Enquanto a sorte, entre ciclos, for bafejando a nossa floresta durante alguns verões, mais ou menos quentes, suspirados os alívios após as cíclicas tragédias e fechados os rescaldos, o país volta a hibernar no tema dos incêndios, volta a esquecer o trabalho imensurável dos bombeiros, a abafar as cinzas e a enxugar as lágrimas.
É aqui que reside o problema dos incêndios: a falta de ação, vontade e medidas políticas que minimizem, antevejam e acautelem as tragédias, preventivamente.

Portugal é dos países da União Europeia com maior despesa no combate aos incêndios e dos que menos investe na sua prevenção. Diga-se, em abono da verdade, não é uma realidade atual, nem de 2017… é de longos anos.
O que é desejável (e mais que estudado) é que o combate não seja o foco, mas sim a prevenção e a gestão do território. Sejamos pragmáticos e realistas: haverá sempre incêndios, e com as alterações climáticas cada vez mais. Mas sejamos também frontais e claros: falta responsabilidade, coragem e medidas políticas para minimizar esse fado e esse fardo. À boa maneira tuga, “deixa arder que o meu pai é bombeiro”.

A maioria dos portugueses já deu para o peditório do populismo dos atos criminosos. Há incêndios que são provocados propositadamente ou por incúria grave? Há, é um facto. Mas são menos de 30% do seu volume. Portanto, esta retórica surgida dos atos criminosos e da sua perseguição, em pleno furacão do fogo, que as próprias forças de segurança não comprovam, apenas serve para desviar atenções das fragilidades e dos erros de gestão ou para ganhos políticos junto do eleitorado populista e extremista. Nada mais irresponsável e desrespeitoso perante a sociedade.
A maioria dos portugueses também já deu para o peditório da teoria da conspiração contra o eucalipto e as celuloses (ou os ganhos obscuros com os incêndios). Importa notar que as áreas florestais pertencentes às empresas não ardem (ou raramente ardem) e que a madeira queimada vale pouco mais que zero. Mas será sempre importante o equilíbrio entre a economia e os benefícios económicos da floresta e os seus impactos ambientais.
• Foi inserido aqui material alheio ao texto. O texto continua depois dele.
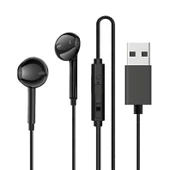 Mikrofonsuz Müzik Kulaklığı - Cool Beyaz - 1.5 Metre Tek Fişli - 11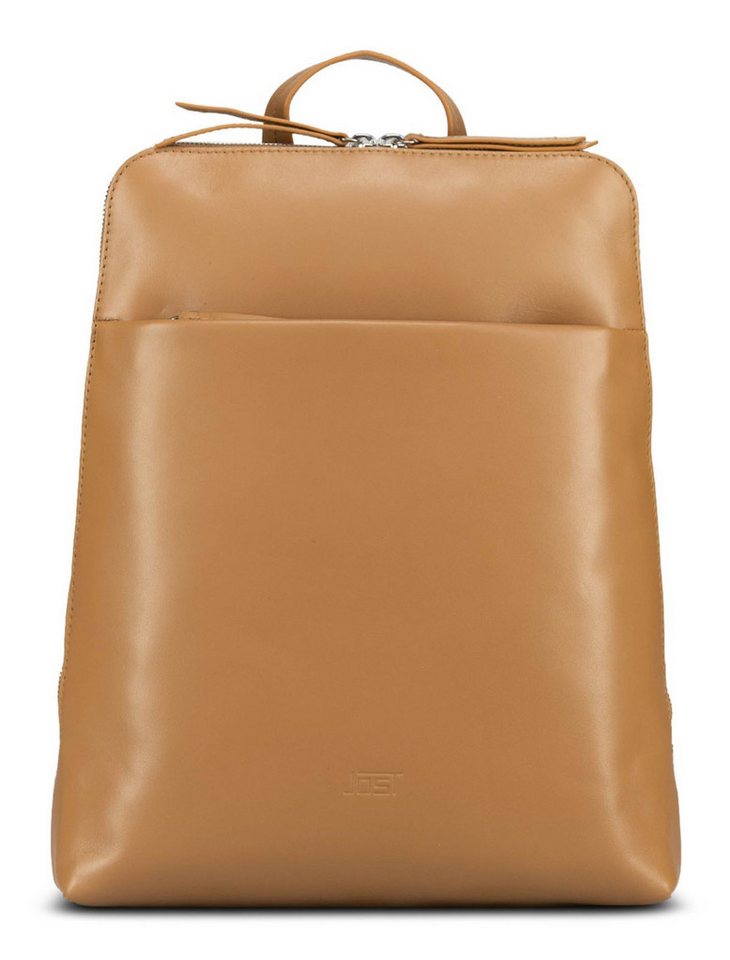 Jost Rucksack Backpack, aus echtem Rindsleder von Jost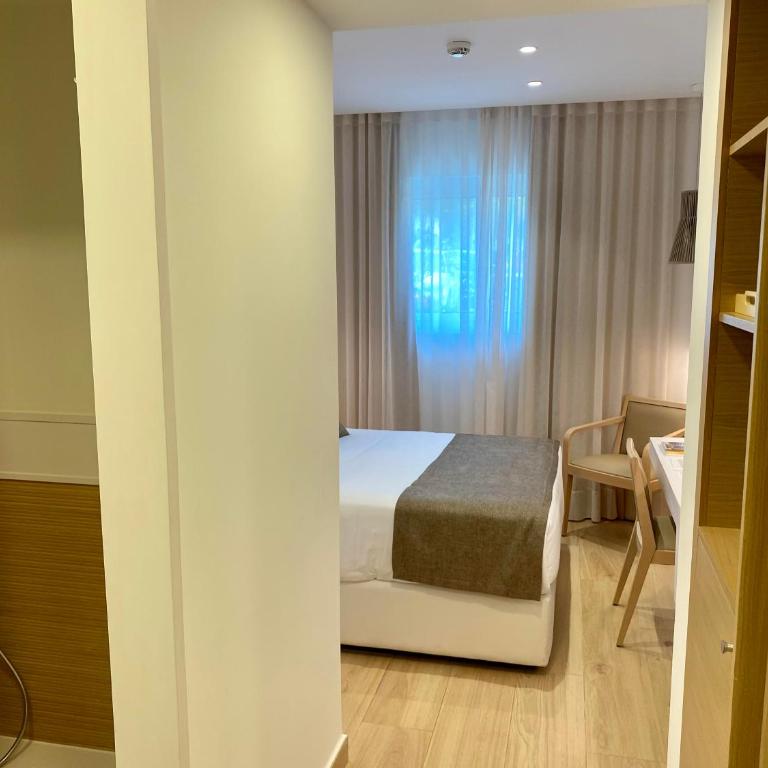 Hotel Costa Brava - Habitación Doble con vistas al jardín - Planta principal - 3
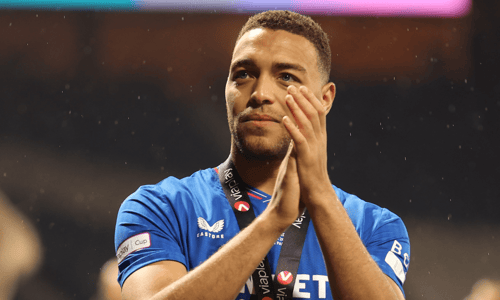 Cyriel Dessers, Rangers FC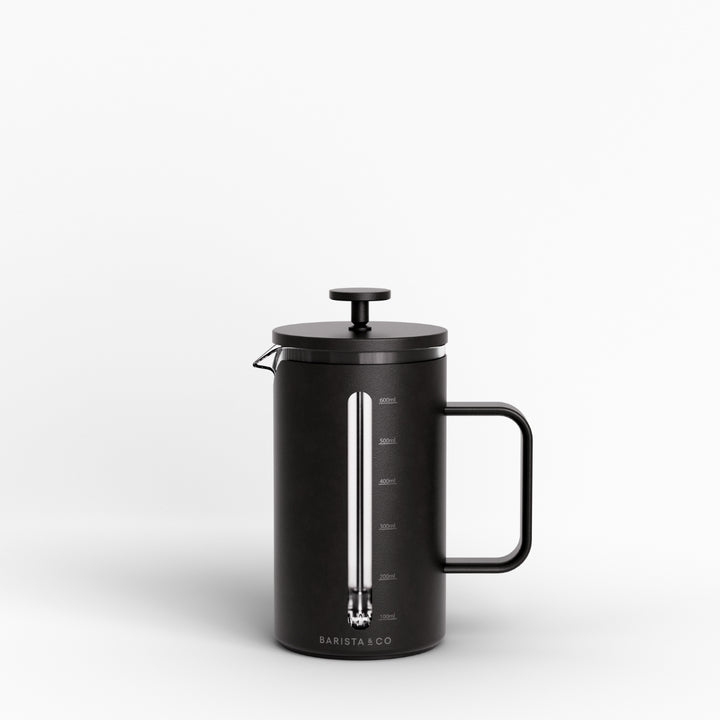 Black Exos Coffee Press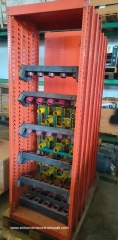 Étagère pour armoire à outils d&#39;atelier mécanique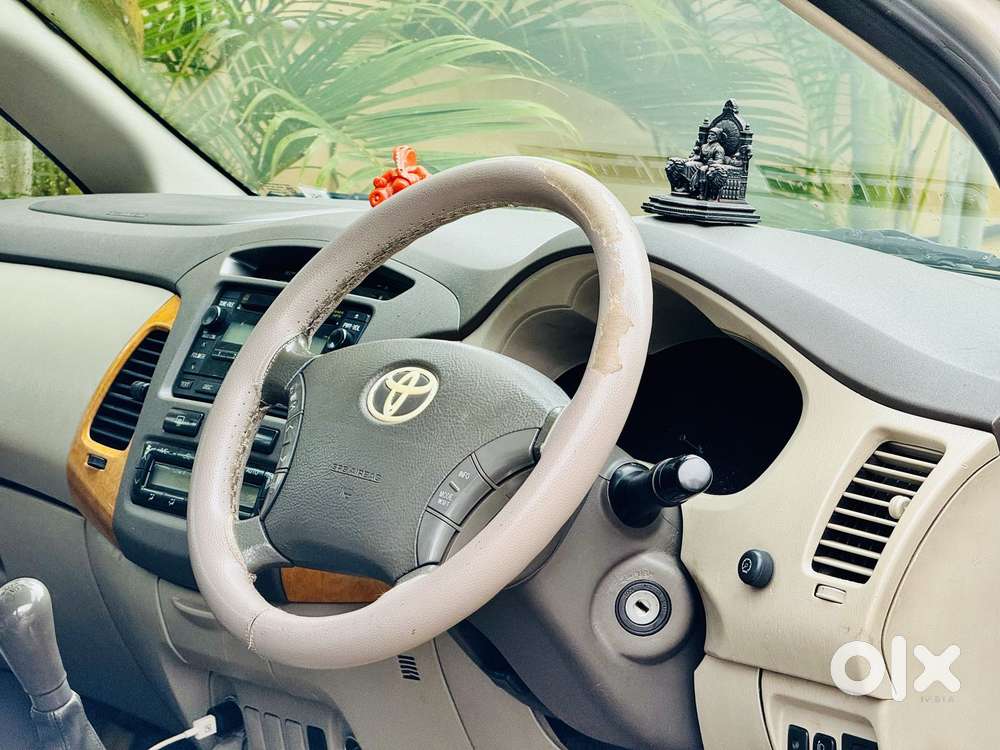 Toyota Innova, 2010, Diesel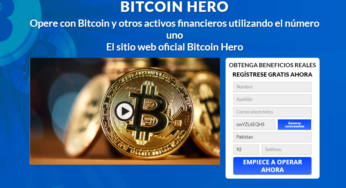 Opiniones de Bitcoin Hero: ¿Fiable o es una estafa? (2022) 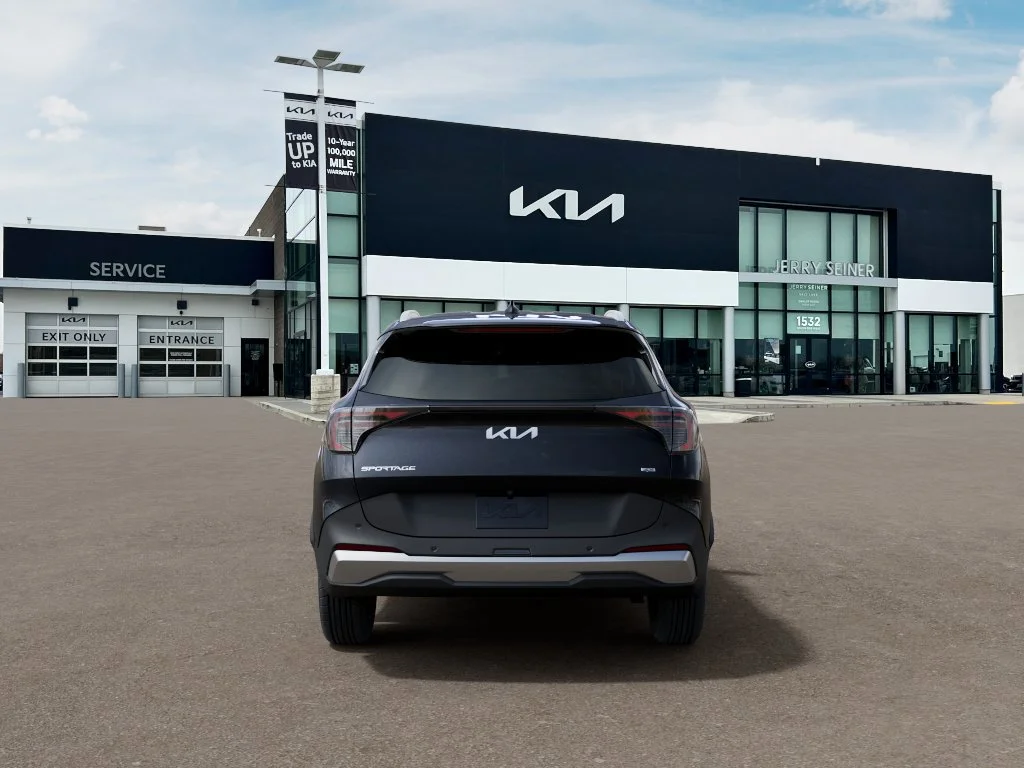 New 2026 Panthera Metal Kia EX image 5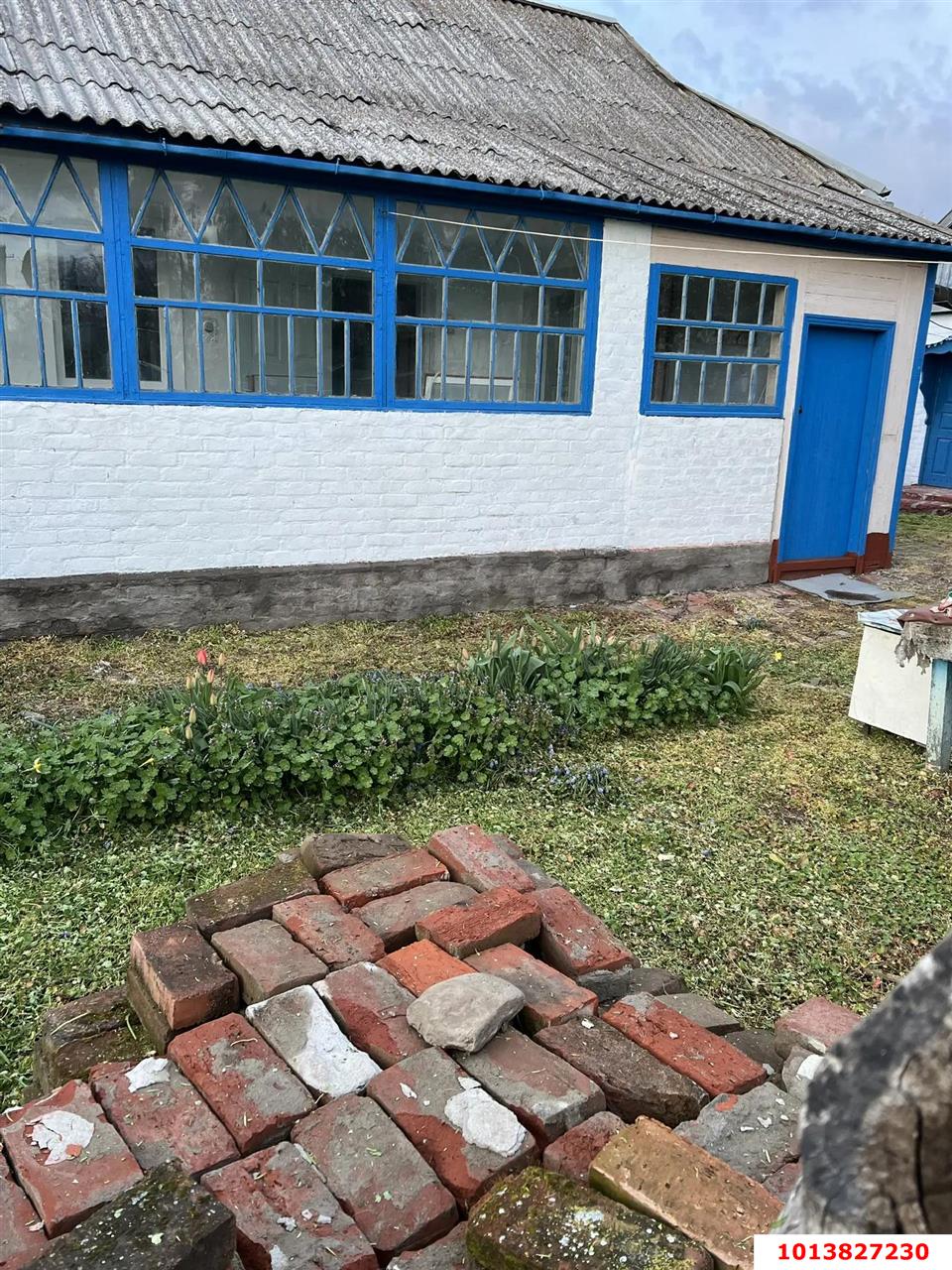 Фото №3: Дом <span class="whitespace-nowrap">46 м²</span> <span class="whitespace-nowrap">+ 23.73 сот.</span>, <span class="whitespace-nowrap">1 эт.</span> - Петровская, ул. Гривенская, 43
O que ano após ano, tragédia após tragédia, vai permanecendo esquecido e abandonado é a decisão política e a condenável apatia e inação sobre a contiguidade e diminuição da mancha florestal no país, o tipo de floresta que é desejável, o cadastramento da propriedade florestal e a responsabilização pela sua gestão (a começar pelo próprio Estado), uma política territorial que combata o abandono e a desertificação dum país que vai muito para além do litoral, com mais ou menos interioridade, e efetivos e consistentes apoios ao desenvolvimento rural ou à ruralidade.

Já lá vão 7 anos, quase uma década, após os incêndios de 2017 e, para além de tanto e de tudo o que foi estudado, relatado, proposto, científica e objetivamente confirmado, não aprendemos nada. Nem com a tragédia, com a perda de bens e, principalmente, das vidas.
Para o ano voltamos a ter verão e calor… que a sorte nos proteja.